**WORK ITEM**
With the line containing "Danskin Quarter Zip" as the final line, restate exactly every line of the data below from the first one onward, and copy no pictures.

**Stored dataset items**
● ● ● ● ● ● ●
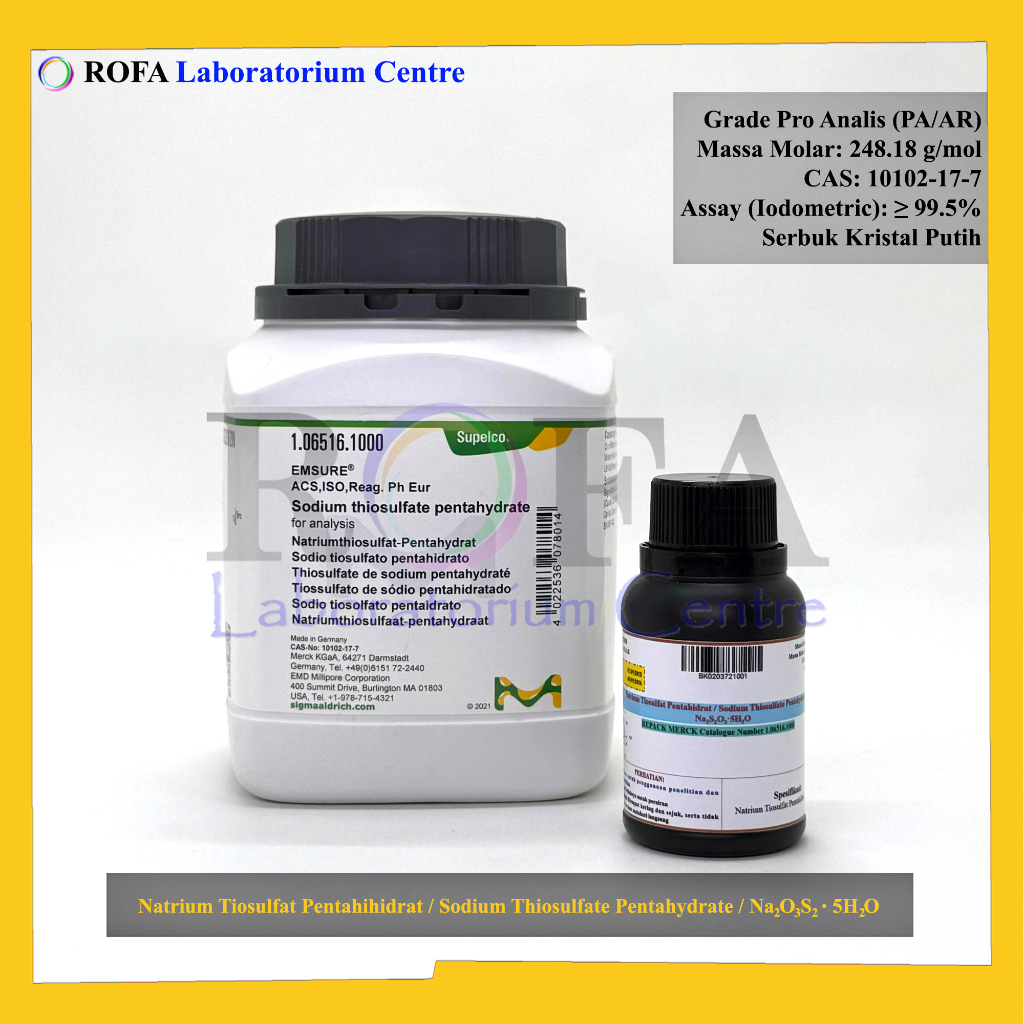 Natrium Tiosulfat Pentahidrat / Sodium Thiosulfate Pentahydrate / Na2S2O3.5H2O Pro Analisis Eceran 1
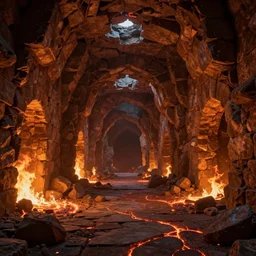 man-made ruins interior with low ceiling and stone walls, fire and lava, tunnels and archways; detailed, best on artstation, raymond swanland, bayard wu, cosmic, epic, stunning, masterpiece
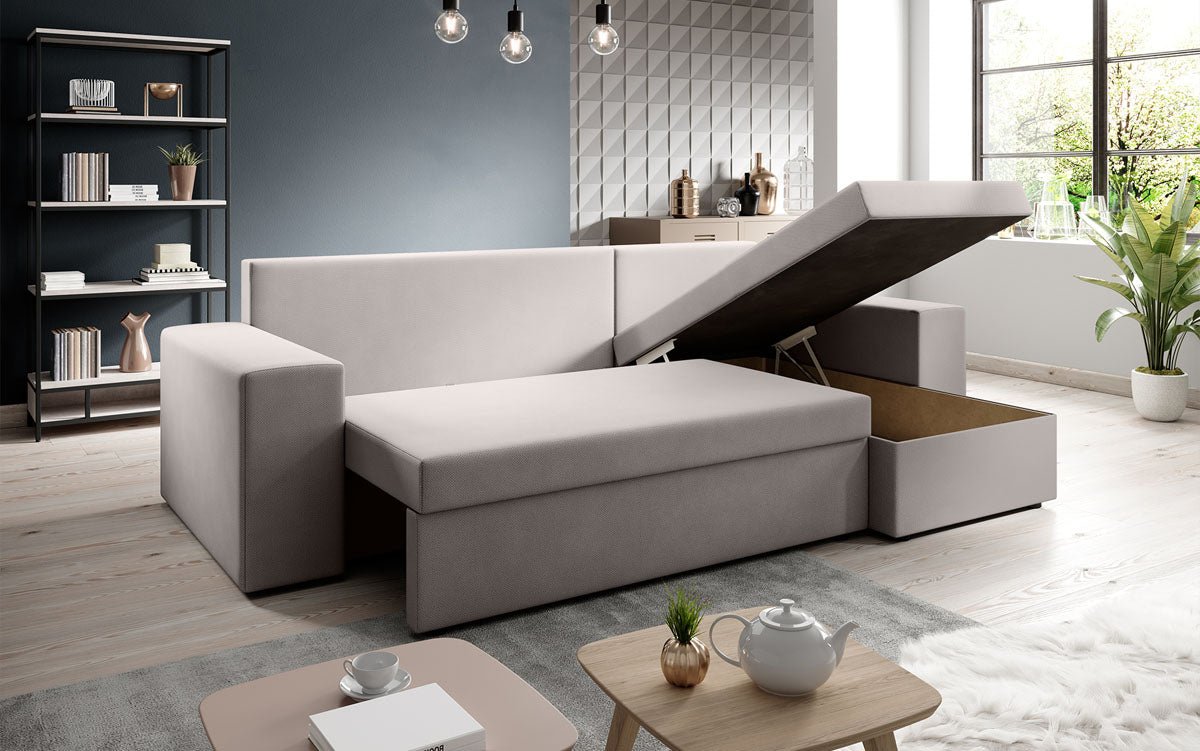 Designer Sofa Denver Stoff mat Schloof- a Klappfunktioun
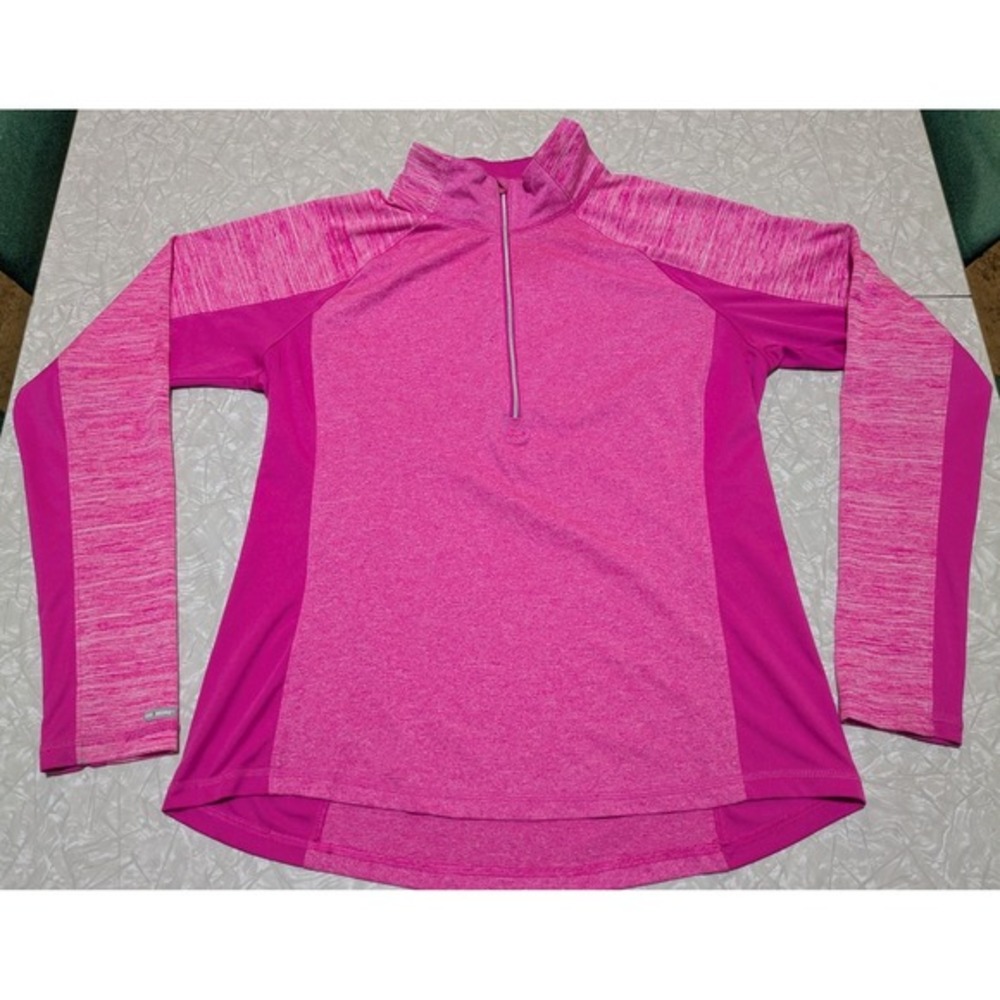 Danskin Quarter Zip Pink Active Top Women's Large Running Athleisure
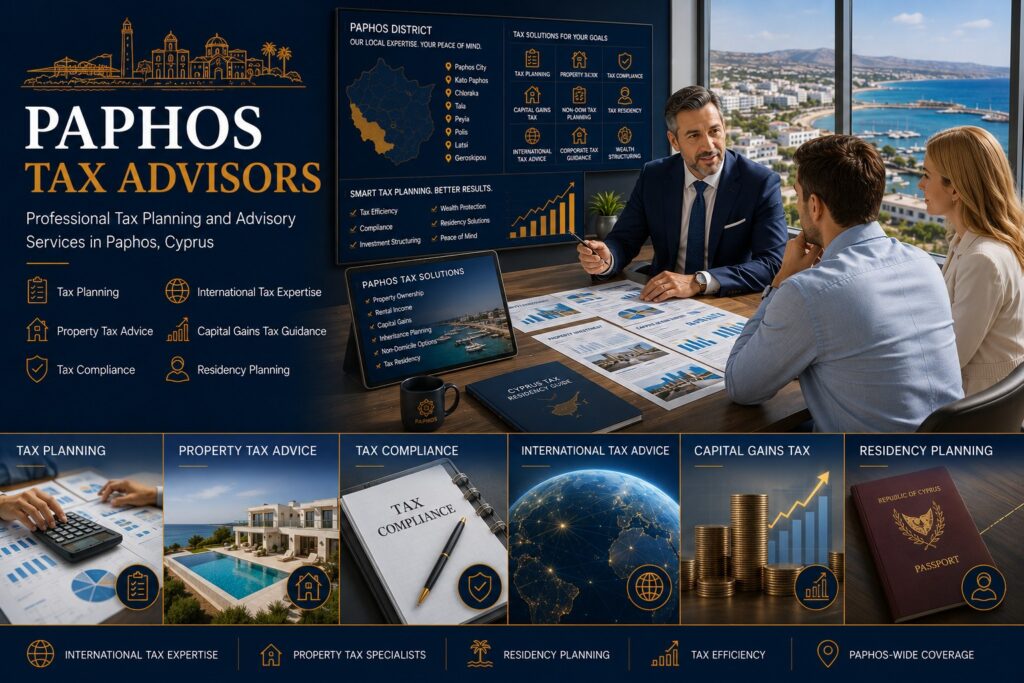 Paphos tax advisors helping overseas buyers, retirees and investors with Cyprus tax planning, residency solutions, property tax advice, capital gains tax guidance and non-dom tax strategies.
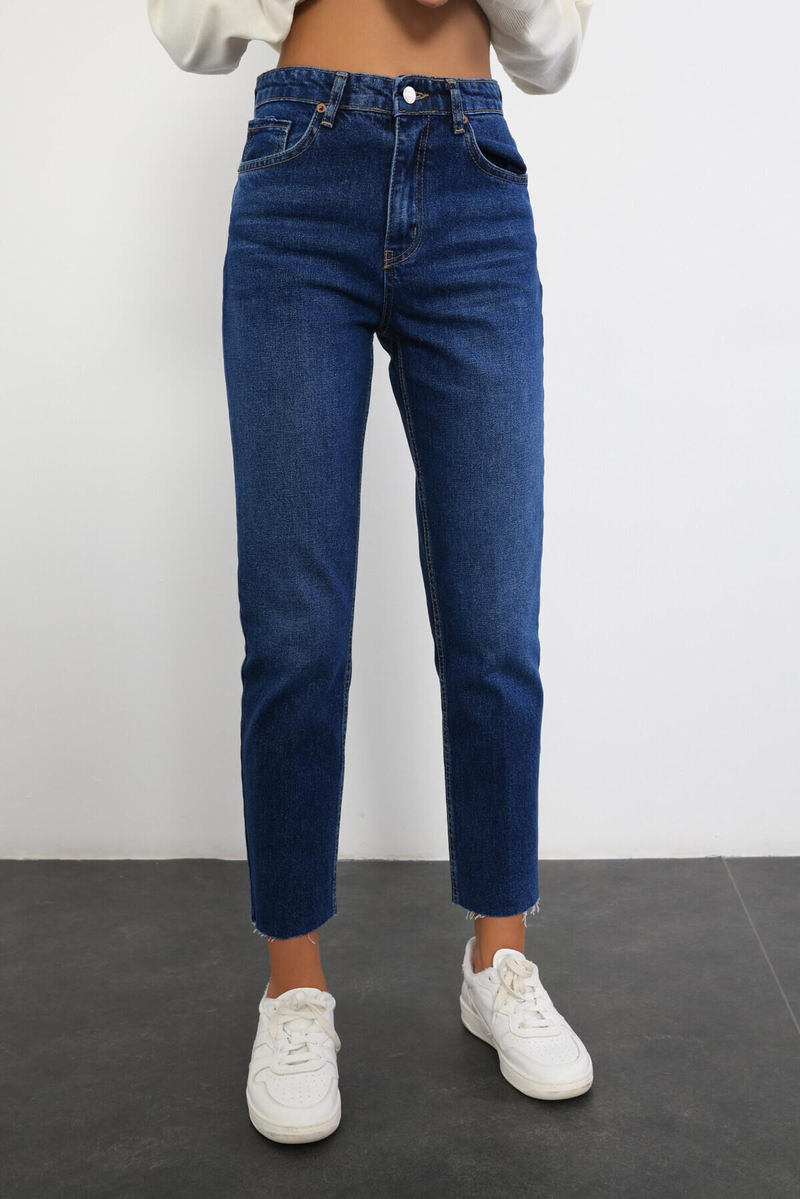 Lacivert Yüksek Bel Cropped Jean 487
● ● ● ● ● ● ●
**RESPONSE TO THE TASK**
 Natrium Tiosulfat Pentahidrat / Sodium Thiosulfate Pentahydrate / Na2S2O3.5H2O Pro Analisis Eceran 1
 man-made ruins interior with low ceiling and stone walls, fire and lava, tunnels and archways; detailed, best on artstation, raymond swanland, bayard wu, cosmic, epic, stunning, masterpiece
 Designer Sofa Denver Stoff mat Schloof- a Klappfunktioun
 Danskin Quarter Zip Pink Active Top Women's Large Running Athleisure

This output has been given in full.